§ **RECORDS FOR THIS TASK**:
★ ★ ★
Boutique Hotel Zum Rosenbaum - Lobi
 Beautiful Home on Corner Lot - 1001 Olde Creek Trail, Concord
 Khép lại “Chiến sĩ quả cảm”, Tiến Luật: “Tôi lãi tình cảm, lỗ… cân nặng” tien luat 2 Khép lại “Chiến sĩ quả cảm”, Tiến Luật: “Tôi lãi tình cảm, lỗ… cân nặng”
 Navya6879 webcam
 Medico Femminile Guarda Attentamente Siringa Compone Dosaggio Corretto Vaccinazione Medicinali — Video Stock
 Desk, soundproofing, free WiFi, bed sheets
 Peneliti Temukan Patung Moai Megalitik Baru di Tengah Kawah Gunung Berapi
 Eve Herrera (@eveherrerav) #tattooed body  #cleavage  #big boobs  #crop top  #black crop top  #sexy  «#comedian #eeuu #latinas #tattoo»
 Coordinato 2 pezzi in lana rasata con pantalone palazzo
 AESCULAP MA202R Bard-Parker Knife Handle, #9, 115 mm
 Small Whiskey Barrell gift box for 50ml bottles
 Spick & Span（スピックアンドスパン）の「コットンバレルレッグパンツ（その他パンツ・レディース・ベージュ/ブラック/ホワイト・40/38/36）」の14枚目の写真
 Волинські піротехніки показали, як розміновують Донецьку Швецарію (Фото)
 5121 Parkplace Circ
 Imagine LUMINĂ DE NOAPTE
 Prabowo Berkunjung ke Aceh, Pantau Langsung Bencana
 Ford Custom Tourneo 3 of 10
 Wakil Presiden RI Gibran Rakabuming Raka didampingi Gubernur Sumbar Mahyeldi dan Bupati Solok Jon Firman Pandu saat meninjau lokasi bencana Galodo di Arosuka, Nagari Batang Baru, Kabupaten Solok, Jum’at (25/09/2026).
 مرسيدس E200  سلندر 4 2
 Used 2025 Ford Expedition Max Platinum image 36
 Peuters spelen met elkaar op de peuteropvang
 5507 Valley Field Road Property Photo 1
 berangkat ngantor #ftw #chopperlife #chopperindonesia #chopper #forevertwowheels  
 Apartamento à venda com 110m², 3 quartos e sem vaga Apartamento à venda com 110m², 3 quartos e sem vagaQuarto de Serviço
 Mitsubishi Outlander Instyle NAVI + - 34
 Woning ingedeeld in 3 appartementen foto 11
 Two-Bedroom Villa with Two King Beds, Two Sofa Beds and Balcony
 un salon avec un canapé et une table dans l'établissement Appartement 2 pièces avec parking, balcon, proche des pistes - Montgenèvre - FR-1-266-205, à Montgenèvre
★ ★ ★
§ **WORK INSTRUCTION**:
What is needed is an exact copy of the lines above, from the one containing "Used 2025 Ford" through the one containing "Woning ingedeeld in 3 appartementen foto 11", with nothing added.

§ **ANSWER FOR THE TASK**:
 Used 2025 Ford Expedition Max Platinum image 36
 Peuters spelen met elkaar op de peuteropvang
 5507 Valley Field Road Property Photo 1
 berangkat ngantor #ftw #chopperlife #chopperindonesia #chopper #forevertwowheels  
 Apartamento à venda com 110m², 3 quartos e sem vaga Apartamento à venda com 110m², 3 quartos e sem vagaQuarto de Serviço
 Mitsubishi Outlander Instyle NAVI + - 34
 Woning ingedeeld in 3 appartementen foto 11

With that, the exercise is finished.